I thought Dirk was wrong at first, in fact I had a message all typed up,
but then I thought... what if I'm wrong?  And then I decided that I *was*
wrong!  I think Dirk's analysis is correct.  Let me make it more concrete.

Let's suppose a lifter will work in outer space.  We'll use a photovoltaic
panel and some kind of DC-to-DC pulsed transformer to get the 30 kV
we need.

Looking at the first chart on the lifter page at
<http://jnaudin.free.fr/lifters/data/index.htm>, he can lift about
35 grams with Lifter v4.0, for 132.9 Watts.  That's a force of
.035 kg times 9.8 m/s/s or about .3 Newtons.  A random solar panel,
<http://www.wholesalesolar.com/products.folder/module-folder/kyocera/KC167.html>,
can generate 167 Watts and weighs 16 kg.  We'll add 4 kg for the
transformer (this is all hand-wavey) and get a 20 kg device that we can
shoot into space and it will start accelerating all by itself.

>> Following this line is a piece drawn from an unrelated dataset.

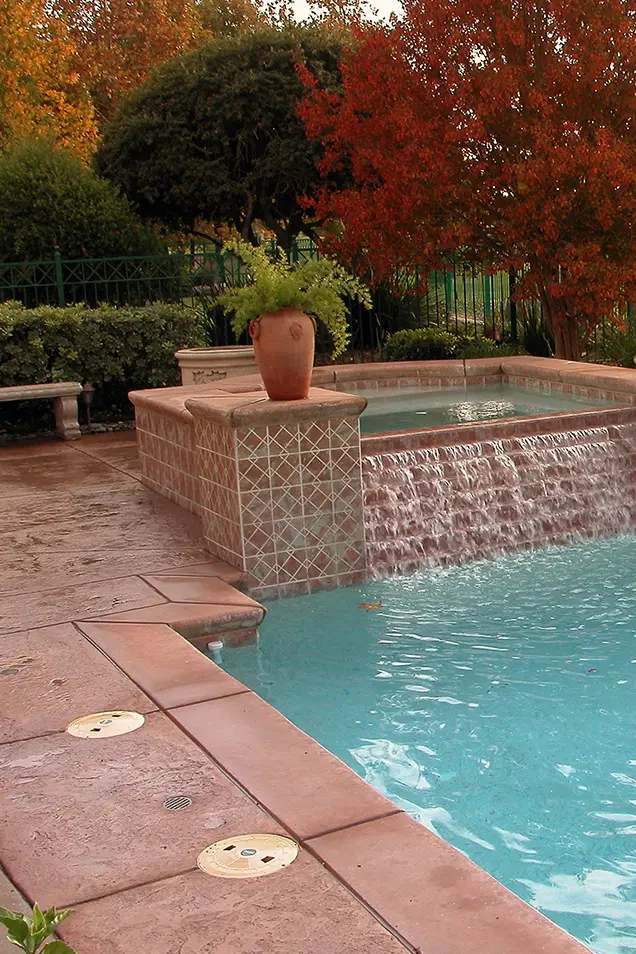 Hormigón impreso en la piscina y el suelo exterior.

.3 Newtons over 20 kg is about .015 m/s/s acceleration that our device
will deliver.  It's small, but it builds up.  After 1 day, it's going over
a kilometer per second!  And velocity increases by a km/s every day.
Meanwhile we are putting in 132.9 Watts the whole time, which is 132.9
J/s times 86400 s/day or 11.5 MJ per day.  Well, after two days we are
at 2 km/s so our kinetic energy is m*v*v/2 or 40 MJ.  But we've only
used 2 * 11.5 MJ or 23 MJ.  So Dirk is right, we are over unity already,
even with a primitive lifter like Naudin has designed.  And it gets
worse every day.

It's interesting to compare this with a rocket.  The difference is that
with a rocket, most of the energy goes into the exhaust, which constantly
decreases the mass of the rocket.  The result is that there's a limit
to how much delta V you can get, depending on your exhaust velocity
and the mass ratio of fuel to payload.  But these lifters, or any such
"space drive", don't have exhaust shooting out, so they can go on forever,
constantly increasing their kinetic energy as the square of the velocity.
As Dirk says, eventually they will go over unity, and as this example
shows, it could happen suprisingly quickly.